The team first compared genomic and proteomic data from 1,307 human tumors. “We see all these genes being overexpressed at the mRNA level, but then we took the next step in this study to say how many of those are actually showing up at the protein level?” said Chad Creighton, a cancer proteogenomics researcher at Baylor College of Medicine and coauthor of the study. The researchers observed that altered expression was conserved from mRNA to protein in approximately 25 percent of the genes.
This imperfect correlation can be largely attributed to regulatory mechanisms such as post-transcriptional modification of RNA that influence its translation to protein. However, it also accounts for instances where a protein was not captured in the proteomic data due to technical challenges, yielding a missed association between mRNA and protein. “You're at the mercy of the detection limit with proteomics,” Griffin said. “If they're low abundance proteins, they may be there, and they may be really interesting, but [the researchers] aren't detecting or quantifying them in a way that they can really make any conclusive results.”
Despite its limitations, incorporating protein-level data helps to pinpoint the structural variant-regulated genes that are most relevant in the context of cancer. “A lot of the important genes that we know from other studies have very specific roles in cancer will show up at the protein level,” Creighton said. “So, maybe we focus on the genes that show up at both levels of mRNA and protein.”
Griffin agreed. “The real power of [the proteomic data] is you're getting closer to the functional targets that are being affected by these various genomic alterations that really are maybe the functional players in cancer,” he said.

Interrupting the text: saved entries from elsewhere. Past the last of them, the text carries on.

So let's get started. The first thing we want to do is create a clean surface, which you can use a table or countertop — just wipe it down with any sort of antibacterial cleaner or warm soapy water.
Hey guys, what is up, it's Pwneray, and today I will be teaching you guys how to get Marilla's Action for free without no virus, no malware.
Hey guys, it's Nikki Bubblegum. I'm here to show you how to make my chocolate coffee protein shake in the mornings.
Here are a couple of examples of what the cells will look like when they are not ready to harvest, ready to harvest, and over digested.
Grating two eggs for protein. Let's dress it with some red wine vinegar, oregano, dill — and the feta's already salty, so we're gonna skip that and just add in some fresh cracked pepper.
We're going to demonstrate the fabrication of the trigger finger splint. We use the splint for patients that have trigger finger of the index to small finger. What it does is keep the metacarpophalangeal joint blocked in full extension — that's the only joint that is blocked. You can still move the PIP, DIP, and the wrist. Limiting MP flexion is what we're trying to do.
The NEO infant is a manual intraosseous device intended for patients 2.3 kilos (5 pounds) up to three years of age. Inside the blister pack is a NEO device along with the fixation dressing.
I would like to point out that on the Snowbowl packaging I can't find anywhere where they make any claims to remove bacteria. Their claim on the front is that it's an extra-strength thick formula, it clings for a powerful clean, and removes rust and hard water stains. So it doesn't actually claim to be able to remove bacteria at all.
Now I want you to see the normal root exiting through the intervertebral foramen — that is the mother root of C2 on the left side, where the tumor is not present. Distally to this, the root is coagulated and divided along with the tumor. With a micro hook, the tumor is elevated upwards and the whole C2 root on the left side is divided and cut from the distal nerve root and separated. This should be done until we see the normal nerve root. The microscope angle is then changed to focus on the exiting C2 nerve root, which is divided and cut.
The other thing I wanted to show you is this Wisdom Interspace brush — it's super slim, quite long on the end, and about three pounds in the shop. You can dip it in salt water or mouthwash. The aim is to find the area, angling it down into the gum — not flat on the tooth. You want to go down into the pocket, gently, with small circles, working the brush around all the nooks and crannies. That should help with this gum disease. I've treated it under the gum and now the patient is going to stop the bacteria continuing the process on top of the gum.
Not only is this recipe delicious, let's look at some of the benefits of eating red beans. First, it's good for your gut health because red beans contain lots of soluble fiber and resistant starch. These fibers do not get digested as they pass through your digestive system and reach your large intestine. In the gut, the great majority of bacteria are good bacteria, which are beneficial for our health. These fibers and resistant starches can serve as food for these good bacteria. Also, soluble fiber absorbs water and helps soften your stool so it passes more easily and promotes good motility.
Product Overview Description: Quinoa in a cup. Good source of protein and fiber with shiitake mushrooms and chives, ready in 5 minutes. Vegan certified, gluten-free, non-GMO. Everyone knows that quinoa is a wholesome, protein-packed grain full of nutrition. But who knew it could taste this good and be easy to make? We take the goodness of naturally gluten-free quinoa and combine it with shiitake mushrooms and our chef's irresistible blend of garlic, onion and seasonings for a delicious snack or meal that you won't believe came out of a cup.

To explore this connection further, the researchers compiled a list of genes where structural variants altered protein expression and compared them to genes linked to worse patient survival and those that reduced cell viability when knocked out. They observed a significant overlap between their list and both the poor prognosis genes and the knockout-sensitive genes across multiple types of cancer. “If you see all those things, that can whittle it down to a core set of genes that will be very interesting and may be understudied. ...There are a few genes that probably have important roles in cancer that haven't been looked at as deeply,” Creighton said. “Maybe, people can look at our results and think of going after some of these other genes.”
Specifically, Creighton envisions that precision medicine for cancer could expand to sequence noncoding regions of DNA in a tumor to identify structural variants that lead to overexpression of oncogenic genes. The tumor could then be treated with a drug that knocks down the gene or blocks a related target in the genetic pathway. “A lot of additional people might benefit from a given therapy that maybe would have been missed by precision medicine approaches that just look within the gene versus alterations outside the gene,” Creighton said.
Looking forward, the team hopes to integrate even more data from public sources to analyze a larger cohort of tumors. “In future studies, as we can scale this up further, that gives us more power to [get] more consistent, robust findings and maybe even identify additional genes,” Creighton said. “The resources are constantly expanding.”
- Marian, A.J. Sequencing your genome: What does it mean? Methodist Debakey Cradiovasc J 10, 3-6 (2014).
- Chen, F., Zhang, Y., Chandrashekar, D.S., Varambally, S., & Creighton, C.J. Global impact of somatic structural variation on the cancer proteome. Nat Commun 14, 5637 (2023).